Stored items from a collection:
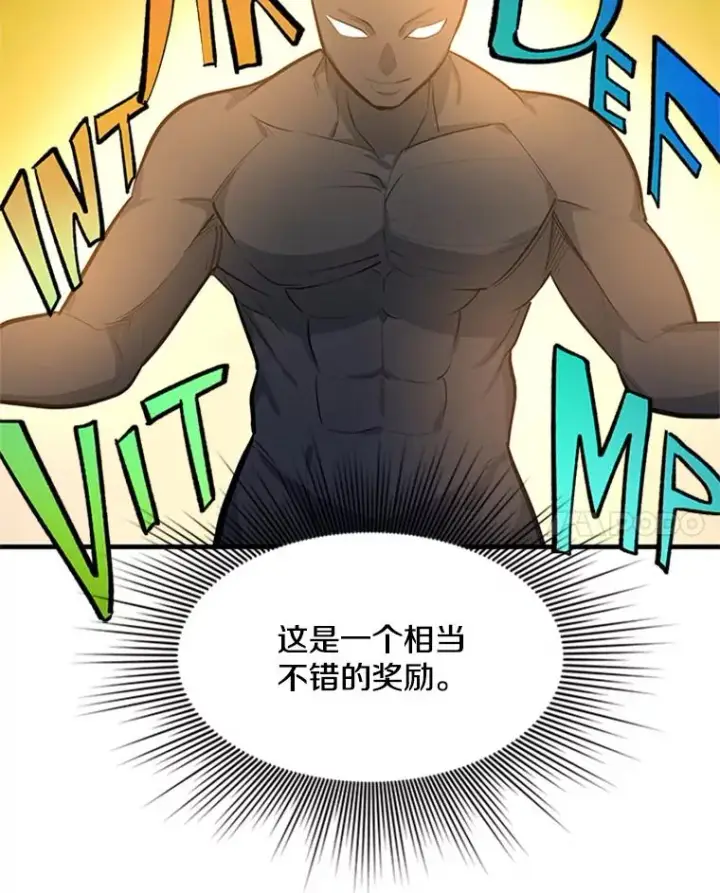 《新手关卡太难了》119.观战图22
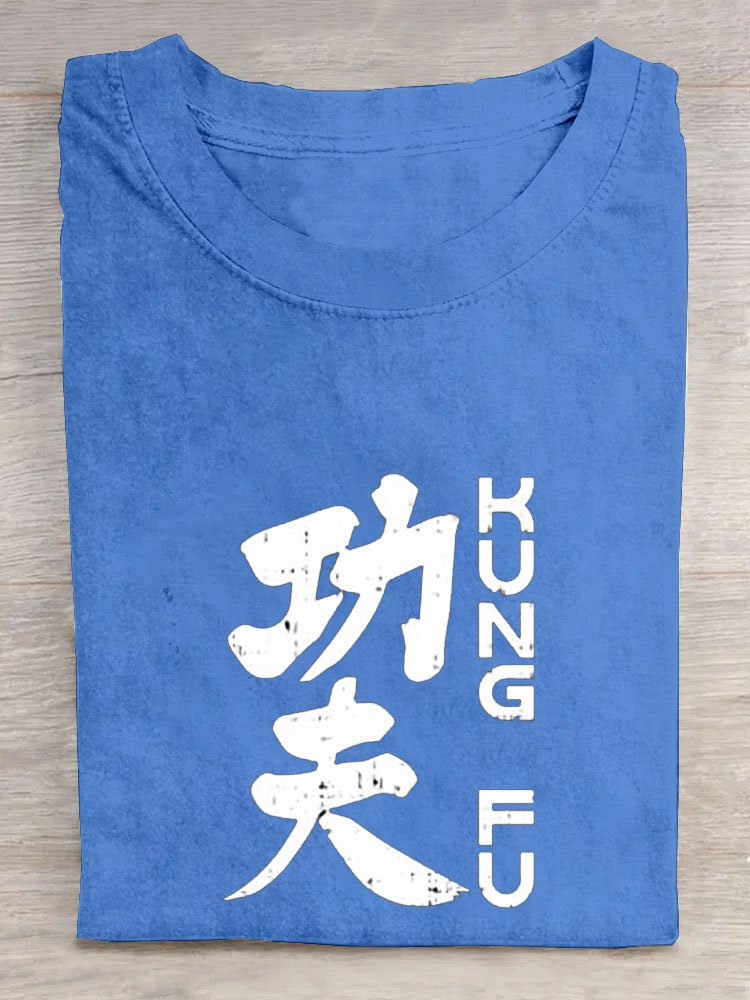 Kung Fu text letter printed round neck casual short sleeved T-shirt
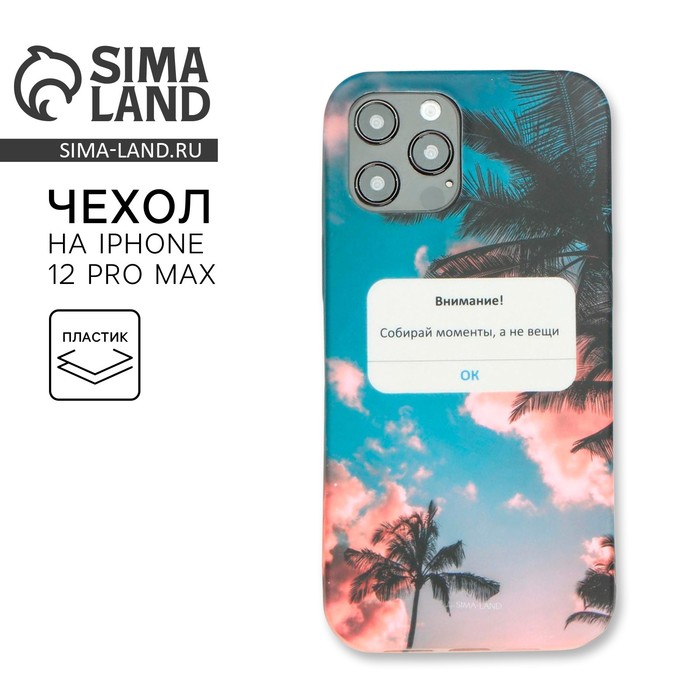 

Чехол на телефон iPhone 12 PRO MAX «Моменты»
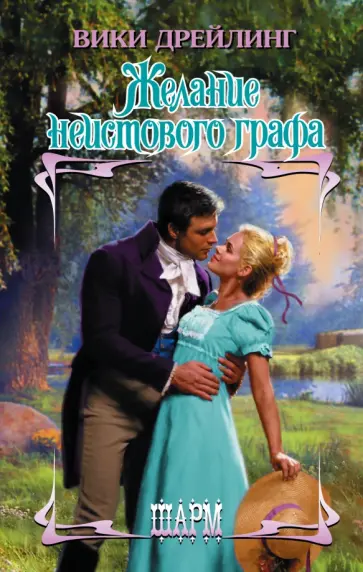 Вики Дрейлинг - Желание неистового графа обложка книги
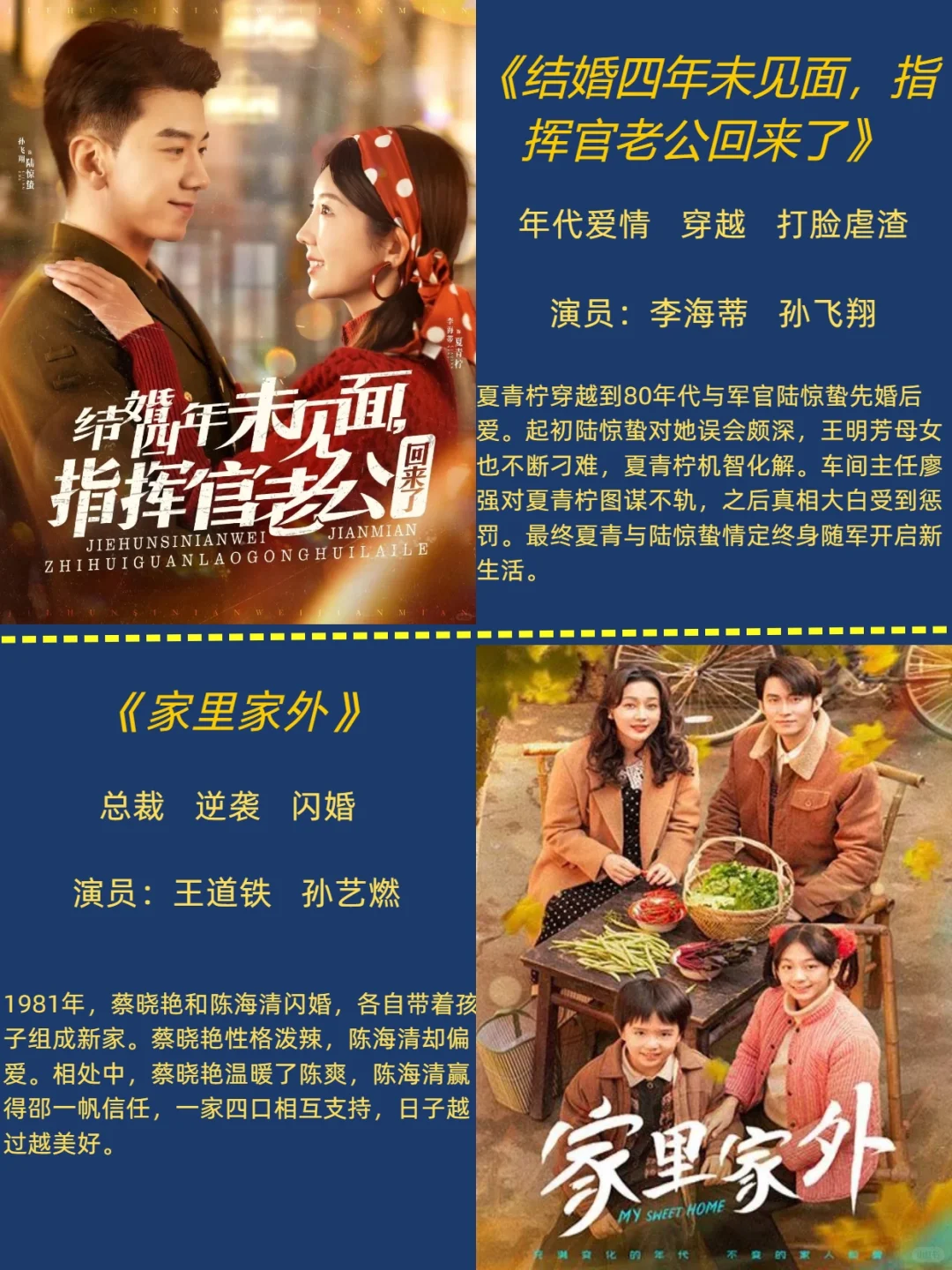 八部近期好评年代剧推荐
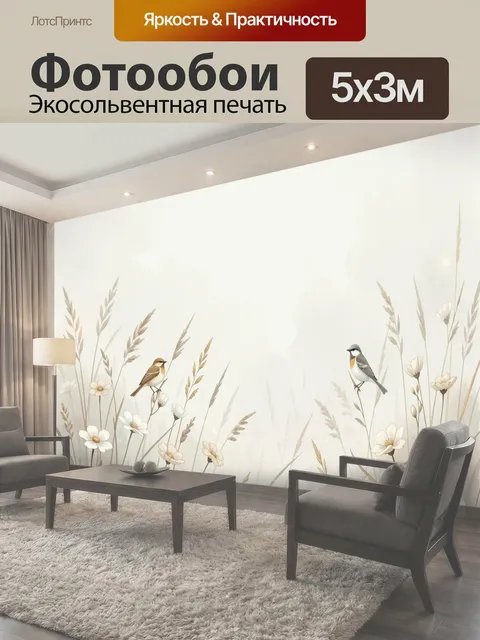 Фотообои Полевые цветы и птицы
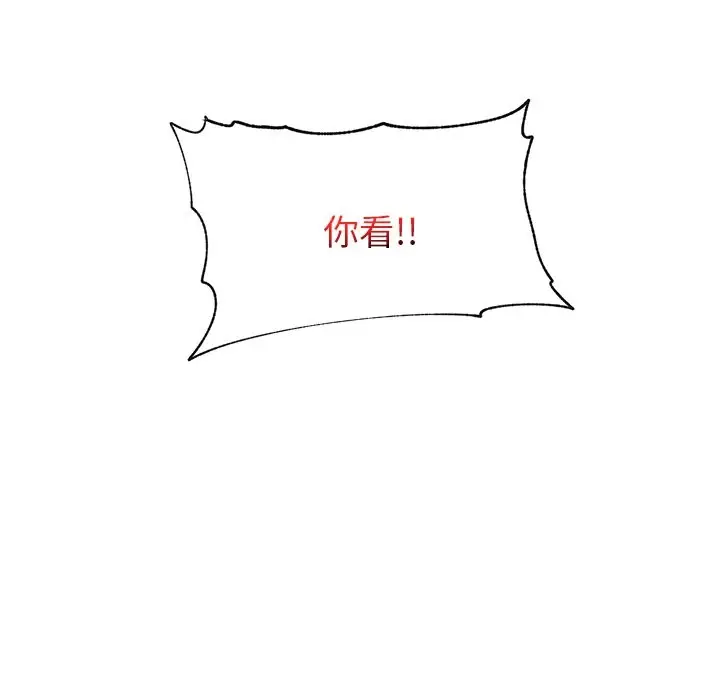 漫画《超导体觉醒/超导体大叔》第26话第160张图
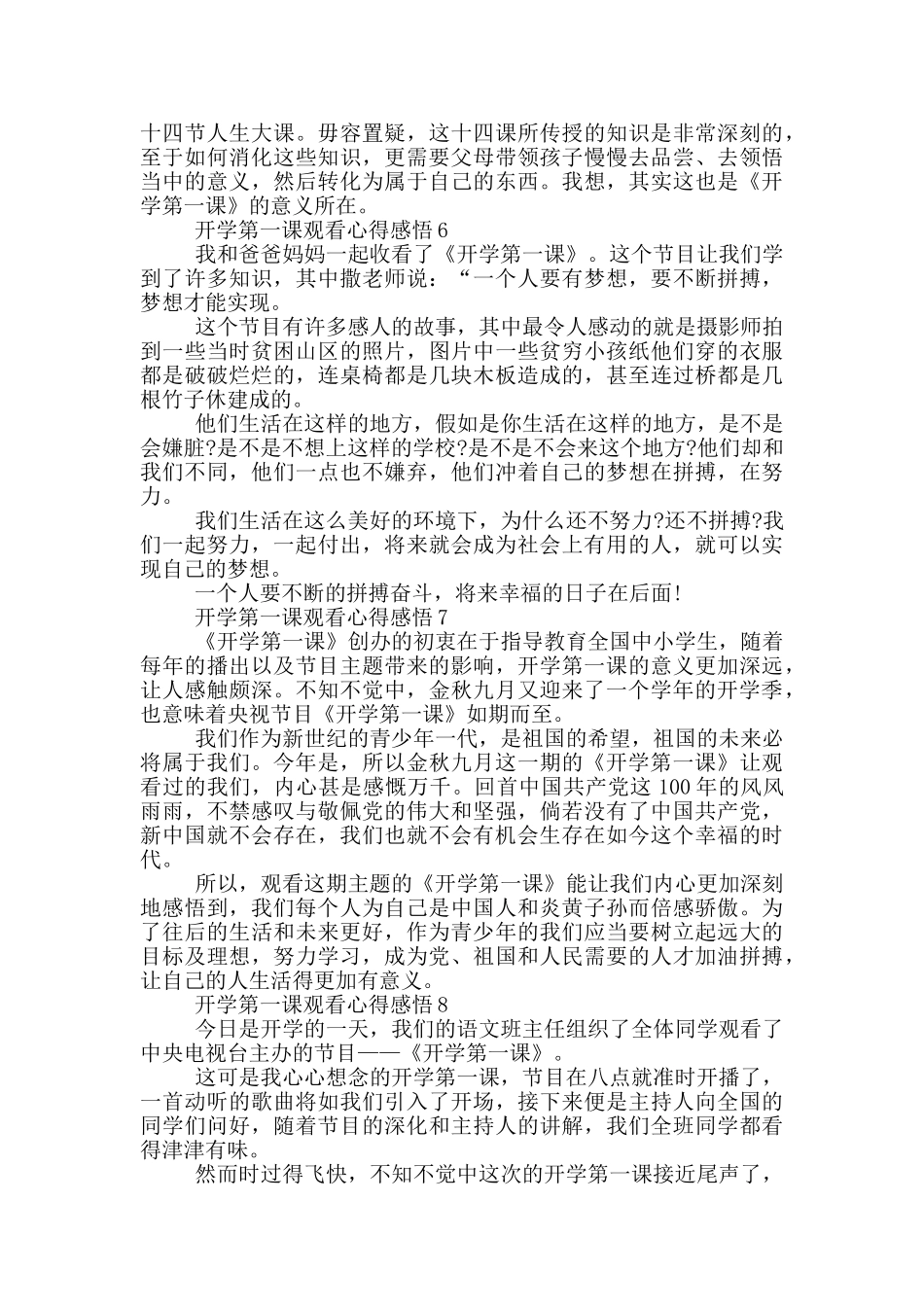 开学第一课观看心得感悟2024范文9篇_第3页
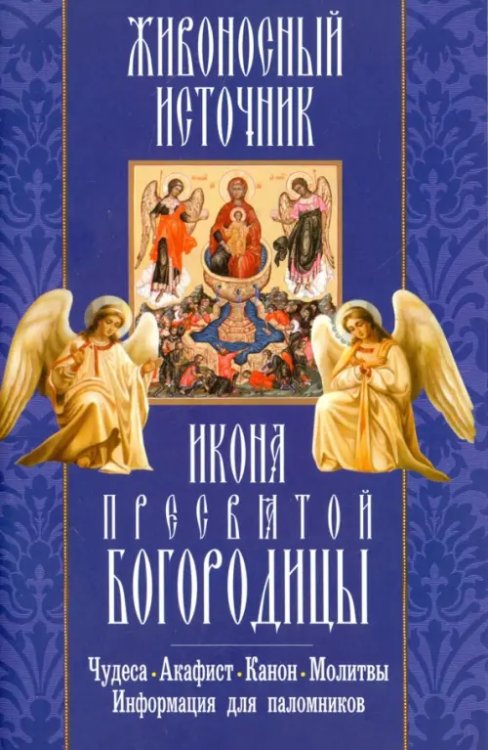 "Живоносный источник" икона Пресвятой Богородицы. Чудеса, акафист, канон, молитвы, информация "Живоносный источник" икона Пресвятой Богородицы. Чудеса, акафист, канон, молитвы, информация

Exercise:
No pictures should appear in the answer, which is to be the lines from the line with "开学第一课观看心得感悟2024范文9篇_第3页" through the end of the records above, restated exactly.

Your response:
 开学第一课观看心得感悟2024范文9篇_第3页
 "Живоносный источник" икона Пресвятой Богородицы. Чудеса, акафист, канон, молитвы, информация "Живоносный источник" икона Пресвятой Богородицы. Чудеса, акафист, канон, молитвы, информация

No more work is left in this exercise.